Easter should be a time to celebrate and have some fun but what we tend to end up doing is buying lots of chocolate for the kids and ignoring the traditional Easter celebrations, or even having an Easter supper. The obvious Easter ingredients that spring to mind are lamb and eggs, but we also still have a bit of time to appreciatethe British native oyster before they go out of season. Our coastline has many fantastic oyster fisheries and possibly some you may have never heard of. Oysters used to be sold as street food on the streets of London in the 1800s, then pollution struck the estuaries in Essex, from where the oysters would be brought around the coast by sailboat to the London docks.

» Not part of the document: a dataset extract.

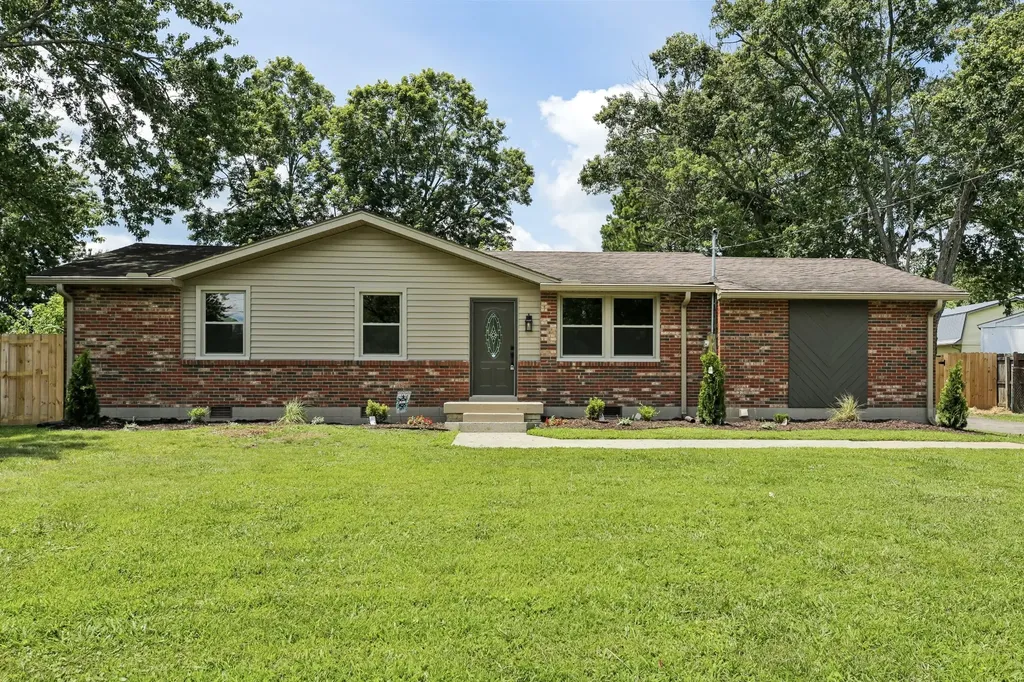 2108 Lynwood Drive Greenbrier TN 37073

There is a bit of an oyster revival in London now and oyster barsare slowly popping up in the capital including at my own establishments. Sadly though, unlike in France we don't tend to have the culture of eating oysters at home. That may well be partly due to the demise of the high-street fishmonger – it's rare to see oysters proudly displayed in amongst other seafood outside shops and restaurants on the high streets.

This Easter I am planning a fish feast at home, starting with a selection of oysters and baking a whole fish with an oyster stuffing for guests to feast on down the middle of the table.

We are often a tad shy about cooking fish at home, but if you do happen to have a good fishmonger nearby, you can get him to completely bone a large fish like a cod or sea bass and leave the head on, so you can stuff it with a mixture of onions, breadcrumbs, herbs and chopped up oysters. Ask him to save the bones for you and if you don't fancy serving the head to your guests use it with the bones to make a robust fish soup. This would make a wonderful first course for your alternative Easter feast.

'This Easter, I am baking a whole fish with oyster stuffing for my guests to feast on'

The subject of fish is a controversial one though, and it often confuses the hell out of fish lovers exactly what you can and can't eat because of over-fishing. The recent press about mackerel sent out the message that we mustn't eat mackerel, which isn't exactly the case. For me, factory ships landing catches over their quota and an innocent trip out on a mackerel charter boat are two very different thing. A dozen or so line-caught mackerel can go a long way to feed a crowd, simply grilled, or soused or cured in cider, and aren't going to have an impact on our fish stocks. Eating mackerel from sustainable source will bring the profile of the humble mackerel up a notch or two – a species that can be eaten occasionally and enjoyed as it should be.